(YOUR ASSIGNMENT)
Every line from the line containing "Immunofluorescent analysis of" through the final line below is to be repeated exactly; no other line is.

** STUDY MATERIAL follows **

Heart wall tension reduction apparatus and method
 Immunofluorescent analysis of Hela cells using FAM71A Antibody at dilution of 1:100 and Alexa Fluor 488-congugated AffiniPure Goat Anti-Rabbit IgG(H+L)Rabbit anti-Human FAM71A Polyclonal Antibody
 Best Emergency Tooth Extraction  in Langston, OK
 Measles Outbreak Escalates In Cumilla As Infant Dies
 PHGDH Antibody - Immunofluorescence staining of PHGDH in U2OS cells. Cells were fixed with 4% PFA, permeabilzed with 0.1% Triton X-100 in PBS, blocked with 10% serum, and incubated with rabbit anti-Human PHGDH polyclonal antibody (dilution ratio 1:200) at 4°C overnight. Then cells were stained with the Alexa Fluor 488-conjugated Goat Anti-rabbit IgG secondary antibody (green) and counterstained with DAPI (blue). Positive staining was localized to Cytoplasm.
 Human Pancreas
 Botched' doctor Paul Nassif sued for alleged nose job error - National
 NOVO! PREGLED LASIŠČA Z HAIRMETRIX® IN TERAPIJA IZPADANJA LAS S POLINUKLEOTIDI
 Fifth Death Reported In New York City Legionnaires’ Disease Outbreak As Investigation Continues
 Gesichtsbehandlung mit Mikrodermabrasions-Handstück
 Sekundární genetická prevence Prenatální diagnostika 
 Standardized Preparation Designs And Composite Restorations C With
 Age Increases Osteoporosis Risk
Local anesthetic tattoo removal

** End of STUDY MATERIAL **

(TASK OUTPUT)
 Immunofluorescent analysis of Hela cells using FAM71A Antibody at dilution of 1:100 and Alexa Fluor 488-congugated AffiniPure Goat Anti-Rabbit IgG(H+L)Rabbit anti-Human FAM71A Polyclonal Antibody
 Best Emergency Tooth Extraction  in Langston, OK
 Measles Outbreak Escalates In Cumilla As Infant Dies
 PHGDH Antibody - Immunofluorescence staining of PHGDH in U2OS cells. Cells were fixed with 4% PFA, permeabilzed with 0.1% Triton X-100 in PBS, blocked with 10% serum, and incubated with rabbit anti-Human PHGDH polyclonal antibody (dilution ratio 1:200) at 4°C overnight. Then cells were stained with the Alexa Fluor 488-conjugated Goat Anti-rabbit IgG secondary antibody (green) and counterstained with DAPI (blue). Positive staining was localized to Cytoplasm.
 Human Pancreas
 Botched' doctor Paul Nassif sued for alleged nose job error - National
 NOVO! PREGLED LASIŠČA Z HAIRMETRIX® IN TERAPIJA IZPADANJA LAS S POLINUKLEOTIDI
 Fifth Death Reported In New York City Legionnaires’ Disease Outbreak As Investigation Continues
 Gesichtsbehandlung mit Mikrodermabrasions-Handstück
 Sekundární genetická prevence Prenatální diagnostika 
 Standardized Preparation Designs And Composite Restorations C With
 Age Increases Osteoporosis Risk
Local anesthetic tattoo removal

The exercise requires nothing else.